A client is diagnosed with nephrotic syndrome. Which of the following is the nurse most likely going to assess in this client? 1.Glucosuria 2.Proteinuria 3.Hematuria 4.Oliguria - Answers- 2.Proteinuria A client is surprised to learn that his acute pain is caused by a kidney stone. The nurse should instruct the client that the most common type of renal calculi is composed of: 1.calcium 2.cystine. 3.struvite. 4.uric acid. - Answers- 1.calcium A client is hospitalized with kidney trauma resulting in lacerations to the parenchyma. Which of the following would be included in the management of this clients care? 1.Bed rest with antibiotic therapy 2.Restrict fluids 3.Encourage early ambulation 4.Nephrectomy - Answers- 1.Bed rest with antibiotic therapy The nurse is reviewing a clients risk factors for the development of renal cancer.

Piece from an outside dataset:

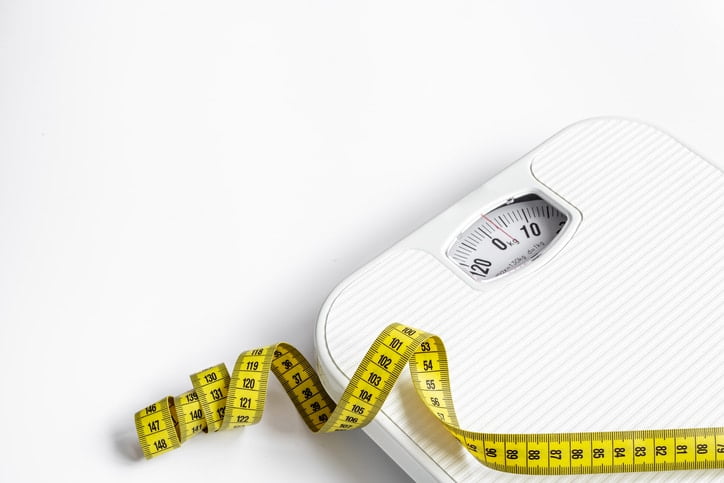 A white scale and a yellow measuring tape on a plain background.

Which of the following would be considered a risk factor for the development of this disease? 1.Cigarette smoking 2.Being underweight 3.History of hypotension 4.History of type 2 diabetes mellitus - Answers- 1.Cigarette smoking A client is scheduled for surgery to remove the bladder and create a urinary diversion. If the client has a history of complications after surgery, the type of urinary diversion that might be indicated would be: 1.continent diversion with a surgical opening to the abdomen. 2.continent diversion with a replacement bladder made out of intestine. 3.noncontinent diversion with anastomose of the ureters to the anterior wall. 4.noncontinent diversion with anastomose of the ureters to the rectum. - Answers- 3.noncontinent diversion with anastomose of the ureters to the anterior wall. A patient is seen in the clinic with a chief complaint of hematuria. To make a differential diagnosis, which of the following questions should be asked? a. "Do you have a history of liver disease?"